The Justice Department engaged in a “disturbing pattern of profound investigative missteps” in the process of securing an indictment against former FBI Director James Comey, a federal judge ruled Monday in directing prosecutors to provide defense lawyers with all grand jury materials from the case.

Those problems, wrote Magistrate Judge William Fitzpatrick, include “fundamental misstatements of the law” by a prosecutor to the grand jury that indicted Comey in September, the use of potentially privileged communications during the investigation and unexplained irregularities in the transcript of the grand jury proceedings.
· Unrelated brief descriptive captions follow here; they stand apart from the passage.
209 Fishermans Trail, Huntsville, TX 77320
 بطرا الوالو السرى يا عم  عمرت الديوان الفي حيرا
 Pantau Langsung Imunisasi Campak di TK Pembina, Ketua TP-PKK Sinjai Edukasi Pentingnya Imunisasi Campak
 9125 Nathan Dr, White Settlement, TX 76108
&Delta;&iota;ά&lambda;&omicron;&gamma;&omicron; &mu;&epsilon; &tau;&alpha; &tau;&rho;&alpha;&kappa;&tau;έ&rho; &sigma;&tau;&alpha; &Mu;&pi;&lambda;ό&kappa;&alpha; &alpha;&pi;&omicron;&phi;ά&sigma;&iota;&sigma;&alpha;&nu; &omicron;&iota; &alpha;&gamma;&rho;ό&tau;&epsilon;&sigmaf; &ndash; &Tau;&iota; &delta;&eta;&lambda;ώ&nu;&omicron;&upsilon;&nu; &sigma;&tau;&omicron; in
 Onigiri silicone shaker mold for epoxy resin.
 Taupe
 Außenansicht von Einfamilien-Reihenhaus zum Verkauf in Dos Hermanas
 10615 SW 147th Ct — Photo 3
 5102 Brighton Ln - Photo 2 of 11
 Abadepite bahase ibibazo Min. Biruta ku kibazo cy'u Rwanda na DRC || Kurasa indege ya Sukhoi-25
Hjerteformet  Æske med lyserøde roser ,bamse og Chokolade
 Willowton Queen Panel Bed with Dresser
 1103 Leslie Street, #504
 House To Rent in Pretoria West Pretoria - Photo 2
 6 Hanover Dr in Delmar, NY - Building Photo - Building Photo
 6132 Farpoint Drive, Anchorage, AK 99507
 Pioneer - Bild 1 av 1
“The Court recognizes that the relief sought by the defense is rarely granted,” Fitzpatrick wrote “However, the record points to a disturbing pattern of profound investigative missteps, missteps that led an FBI agent and a prosecutor to potentially undermine the integrity of the grand jury proceeding.”

The 24-page opinion is the most blistering assessment yet by a judge of the Justice Department’s actions leading up to the Comey indictment. It underscores how procedural missteps and prosecutorial inexperience have combined to imperil the prosecution pushed by President Trump for reasons separate and apart from the substance of the disputed allegations against Comey.

The Comey case and a separate prosecution of New York Atty, Gen. Letitia James have heightened concerns that the Justice Department is being weaponized in pursuit of Trump’s political opponents. Both defendants have filed multiple motions to dismiss the cases against them before trial, arguing that the prosecutions are improperly vindictive and that the prosecutor who filed the charges, Lindsey Halligan, was illegally appointed.

A different judge is set to decide by Thanksgiving on the challenges by Comey and James to Halligan’s appointment.

Though grand jury proceedings are presumptively secret, Comey’s lawyers had sought records from the process out of concern that irregularities may have tainted the case. The sole prosecutor who defense lawyers say presented the case to the grand jury was Halligan, a former White House aide with no prior prosecutorial experience who was appointed just days before the indictment to the job of interim U.S. attorney for the Eastern District of Virginia.

In his order Monday, Fitzpatrick said that after reviewing the grand jury transcript himself, he had come away deeply concerned about the integrity of the case.

“Here, the procedural and substantive irregularities that occurred before the grand jury, and the manner in which evidence presented to the grand jury was collected and used, may rise to the level of government misconduct resulting in prejudice to Mr. Comey,” Fitzpatrick said.

The Justice Department responded to the ruling by asking that it be put on hold to give prosecutors time to file objections. The government said it believed Fitzpatrick “may have misinterpreted” some facts in issuing his ruling.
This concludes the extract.